In The Second Machine Age MIT’s Erik Brynjolfsson and Andrew McAfee—two thinkers at the forefront of their field — make the case that we should be optimistic about the future because technological progress, ‘the only free lunch that economists believe in,’ is accelerating quickly past our intuitions and expectations. But we should also be mindful of our values and our choices: as technology races ahead, it may leave a lot of people, organizations and institutions behind.
This is the book that explains the new age we’re quickly heading into and shows why we should be optimistic about it, yet also discusses the challenges it will bring.
(2) Excerpt from Chapter One
This work led us to three broad conclusions.
The first is that we’re living in a time of astonishing progress with digital technologies — those that have computer hardware, software, and networks at their core. These technologies are not brand-new; businesses have been buying computers for more than half a century, and Time magazine declared the personal computer its “Machine of the Year” in 1982.

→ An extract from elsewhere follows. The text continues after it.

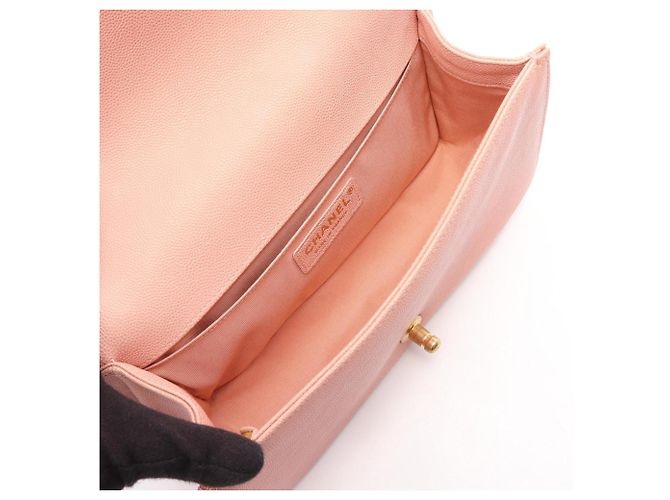 Chanel Boy Schultertasche aus rosa genarbtem Kalbsleder Pink - Ansicht 3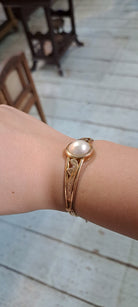 Bracelet in 18k gold with a mabe pearl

But just as it took generations to improve the steam engine to the point that it could power the Industrial Revolution, it’s also taken time to refine our digital engines. We’ll show why and how the full force of these technologies has recently been achieved and give examples of its power. “Full,” though, doesn’t mean “mature.” Computers are going to continue to improve and to do new and unprecedented things. By “full force,” we mean simply that the key building blocks are already in place for digital technologies to be as important and transformational to society and the economy as the steam engine.
In short, we’re at an inflection point — a point where the curve starts to bend a lot — because of computers. We are entering a second machine age.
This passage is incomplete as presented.